Понимая и по-своему выражая все это, деятели Возрождения испытывали, однако, какую-то мировоззренческую неловкость. Парадоксальность вдохновения, о которой они знали из творческого опыта, совершенно не соответствовала господствующему католическому представлению о благодати и божьем даре. Ведь схоластическая психология и этика настаивали на том, что благодать обретается постепенно и планомерно, путем методичного высветления души разного рода богоугодными делами. Людям Ренессанса казалось поэтому, что их талант «не от бога», что трагическая мучительность его обнаружений свидетельствует о его «темной природе». Они с тревогой признавались себе, что их переживанию вдохновения гораздо больше соответствует языческое (например, сократовское) учение о демоне, чем христианская концепция благодати. Нередко у них появлялось желание оставить свою творческую работу и замолить ее, удалившись в монастырь.

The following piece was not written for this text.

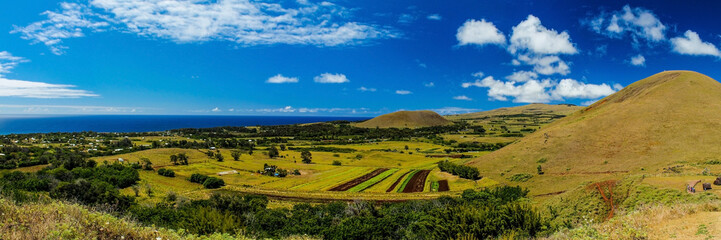 Panoramic view of Easter Island from Puna Pau, where the pukao (moai topknots) were carved, showcasing the island's lush landscape under a sunny sky with scattered clouds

В ранних сочинениях Лютера развивалось представление о благодати, которое соответствовало опыту художников Возрождения и могло служить оправданию этого опыта перед христианской совестью. Своим учением о воскрешающем страдании молодой реформатор санкционировал мирские муки творчества. Его новая теология была ренессансной не только по методу, но в какой-то мере и по общему нравственному пафосу: она отдавала должное натурам ищущим, смятенным, самокритичным и трудно удовлетворяющимся.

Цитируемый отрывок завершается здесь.